The direct channel in ecommerce is often explained in terms of someone entering the domain name of a website in a web browser in order to arrive at the site.
For example, if I open a browser, type in ‘www.amazon.com’ and subsequently make a sale, the sale will be allocated to a direct sale in analytics.
Types of direct traffic
Direct traffic can also be explained in terms of someone avoiding all marketing channels that can be tracked.
Therefore the direct channel covers a few more scenarios than that described above. For example, direct traffic can mean that:
- A visitor clicked a link to your website inside a PDF.
- A visitor clicked a link to your website in an email footer.
- A visitor clicked a link inside an email (unless it was from one of your analytics-integrated email marketing service provider campaigns).
- A visitor clicked on a shortened URL (sometimes).
- A visitor has your site bookmarked.
- Certain browser security configurations may have made it appear that traffic is direct.
Despite these other types, we should consider that the majority of direct traffic comes from someone typing in the website’s domain name, using a bookmark or coming from an untrackable source such as an email client.
As traffic is marked as direct in Google Analytics, it is easy to get the appropriate numbers for this channel.
The importance of the direct channel
The importance of the direct channel lies in the fact that it is an unallocated source of traffic. The consumer has evidently found the website through some other means, otherwise how could they type in the URL or use a bookmark?
Direct traffic grows as general web traffic grows and it can form a large percentage of total traffic and sales.
Growth in direct traffic is a healthy sign.
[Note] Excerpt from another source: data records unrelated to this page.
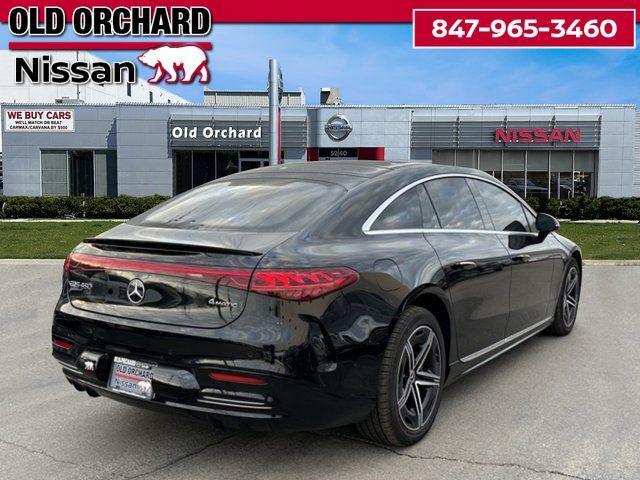 used 2023 Mercedes-Benz EQS 450 car, priced at $39,888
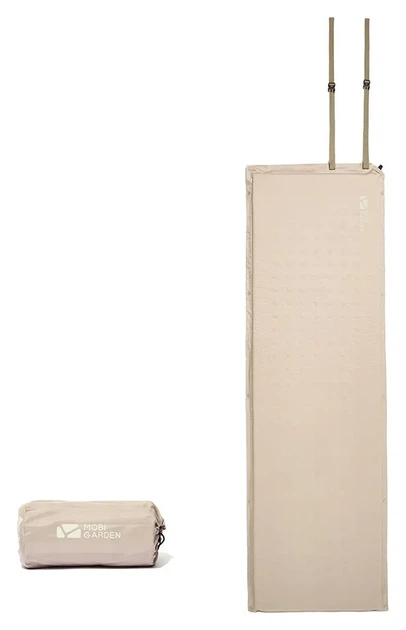 Килимок самонадувний Mobi Garden Dot single air 30 мм NX22663001 sand (VTG_6926767317011) - Фото 1 Килимок самонадувний Mobi Garden Dot single air 30 мм NX22663001 sand (VTG_6926767317011) - изображение 1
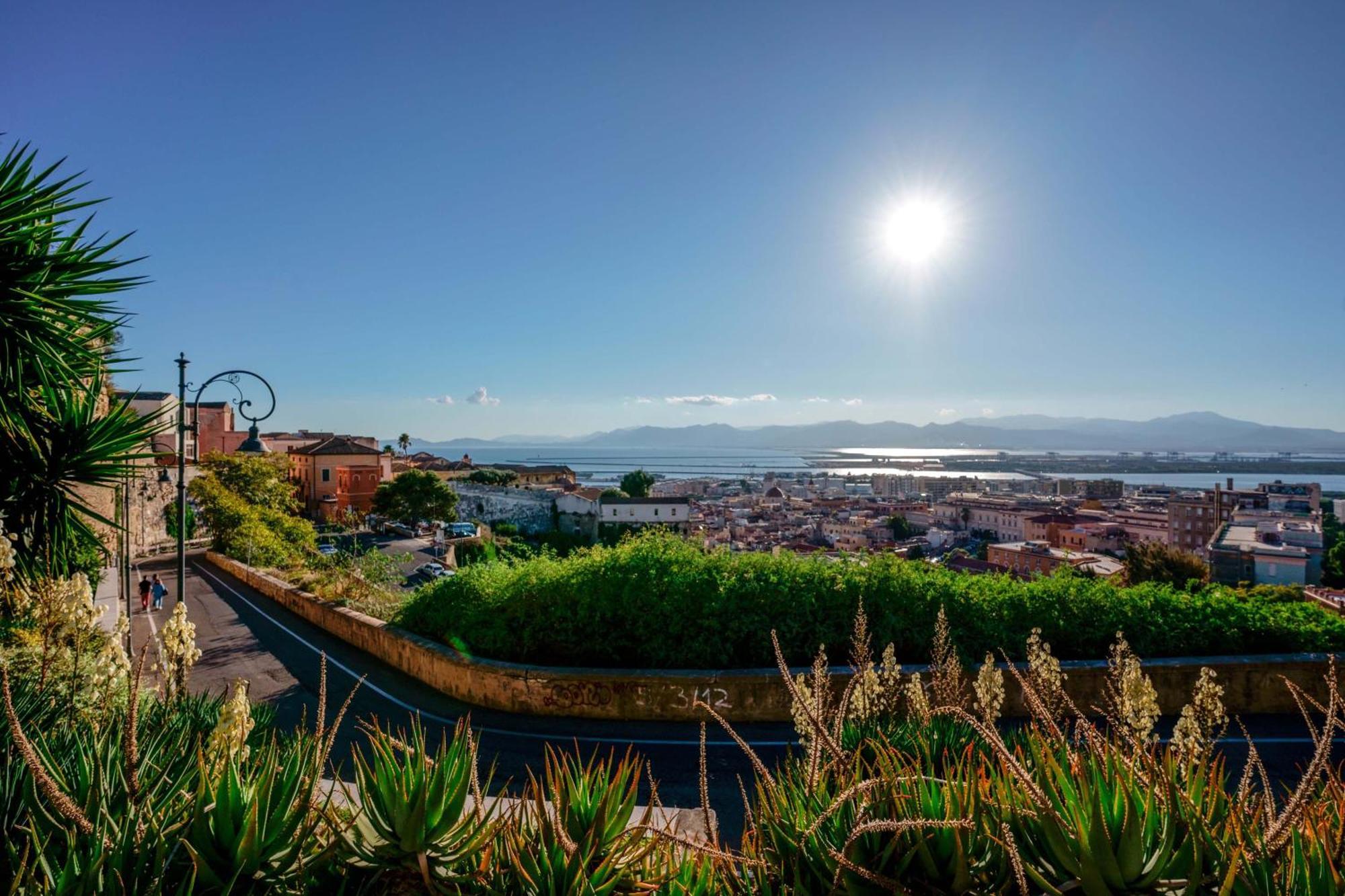 Exclusive Use Swimming Pool Available From June To September Cagliari Ngoại thất bức ảnh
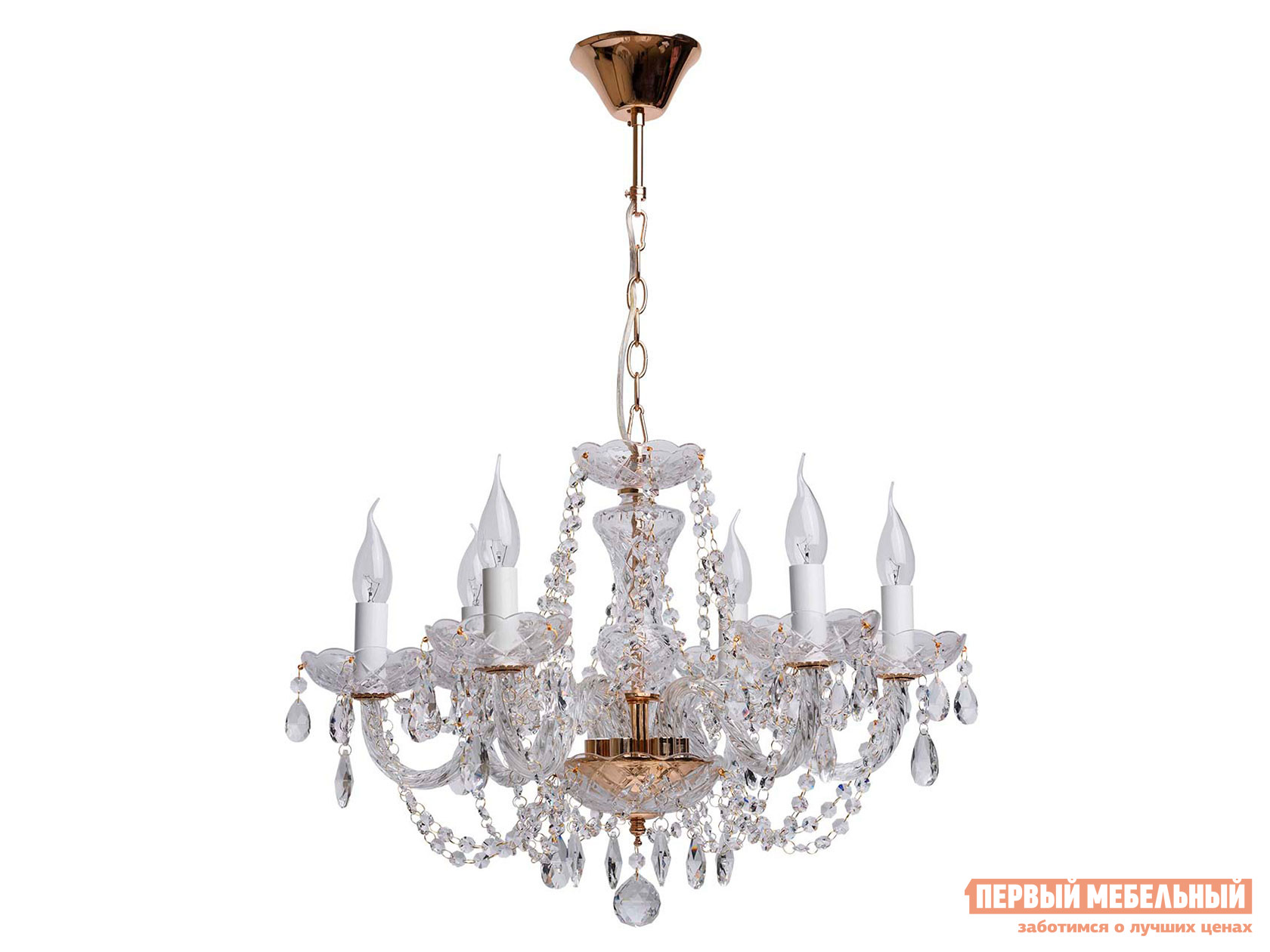 

Люстра 367012606 Каролина Золотой, 367012606 Каролина Золотой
It can be safely assumed that if a company has carried out little offline marketing (advertising outside of online sources such as TV, billboard, brochures, leafleting and so forth), 99% of the direct traffic has come from one of the other traffic channels.
Statistically it can be useful to view direct traffic as sales that need to be reallocated to other online marketing channels and it will reduce the CPA of other online marketing that a company is doing.
- Direct traffic is traffic that cannot be allocated or that has come directly to the site.
- Growth in direct traffic is a healthy sign for a business.
- It may be useful to view direct traffic sales as sales that need to be reallocated to other online marketing channels.
In the IRP World, we record the sales against this channel. These sales have a cost of zero.